Inflation, Tariffs & Real Estate
Back in 2020, I was mid-development on a multifamily project when lumber prices spiked 4x seemingly overnight. That single cost line item turned what was supposed to be a predictable, well-underwritten deal into a scramble. We made the decision to bite the bullet and purchase materials at inflated prices—and it ended up being the right move.
That experience taught me something: if you’re in real estate, you need to be prepared for cost shocks. But it also helped me see clearly what kind of shocks are survivable—and which ones are truly dangerous.
And I’ll tell you right now, inflation and tariffs aren’t the enemy people think they are—especially if you’re investing wisely.
Inflation Isn’t Just a Threat—It’s a Feature (When You Use It Right)
A lot of newer investors worry about inflation. And sure, if you’re holding cash or relying on fixed income, inflation is brutal.
But when you own real estate with fixed-rate debt, inflation becomes a tailwind:
-
Rents tend to rise
-
Asset values increase
-
Your debt becomes cheaper to repay in real dollars
I’ve seen this firsthand. Even when materials or insurance spike, the long-term value of the property typically rises faster—if you’ve bought at the right basis.

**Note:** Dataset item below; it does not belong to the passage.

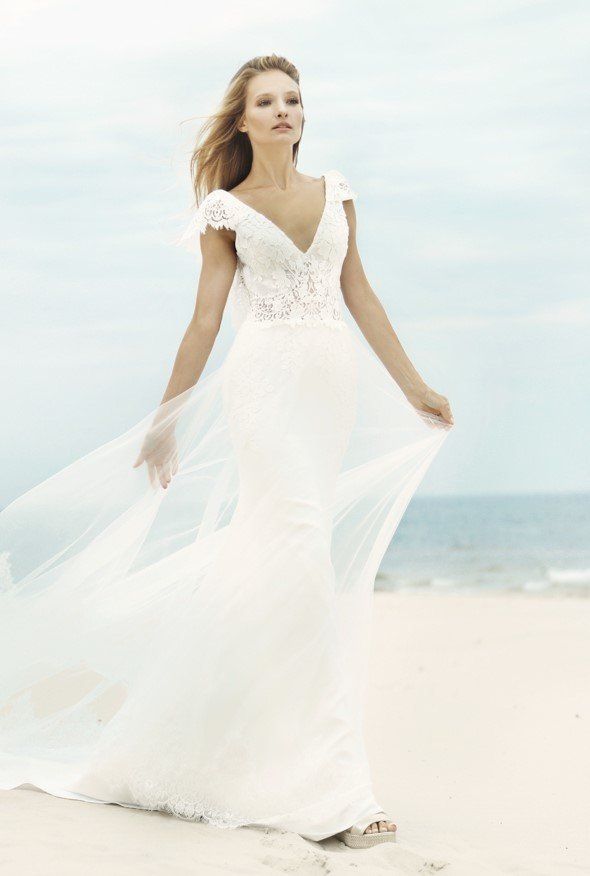 Eine Frau in einem weißen Brautkleid steht an einem Strand.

Tariffs Are a Nuisance—Not a Deal Killer
Yes, tariffs drive up costs on imported goods—especially things like steel, appliances, or lumber. But here’s the key insight:
If you’re investing in stabilized or light value-add properties, your exposure to material costs is minimal.
We’ve got properties in our portfolio where we did very little renovation, and the tariff impact is negligible. On the flip side, in one of our development deals, material costs jumped ~30%—which was a real hit. But even that was dwarfed by the interest rate increases that came later.
The Bigger Risk Is Operational Costs You Don’t Plan For
The two line items that have surprised us the most recently?
Property taxes and insurance.
-
One property saw taxes go from $150K to $450K
-
Another had insurance triple in under 24 months
Tariffs didn’t do that. And neither did inflation alone. What drove those costs up was a mix of legal environments (like in Florida), misaligned assessments, and under-the-radar market shifts.
This is why active management and tax appeal strategies matter.
Key Takeaways for Passive Investors
If you’re investing in syndications or funds, ask these questions:
-
Is the operator underwriting future inflation in renovation budgets?
-
Are taxes and insurance assumptions realistic?
-
What’s the plan if interest rates don’t fall anytime soon?
Also—be cautious of sponsors who overreact to every market headline. You want steady hands at the wheel.
Final Thought
Inflation and tariffs aren’t something to panic over. I’ve seen worse, and I’ve learned that real estate—when bought well—tends to float in rising waters. That’s a big reason I stay focused on real assets, and why I continue to educate others about building wealth through passive investing.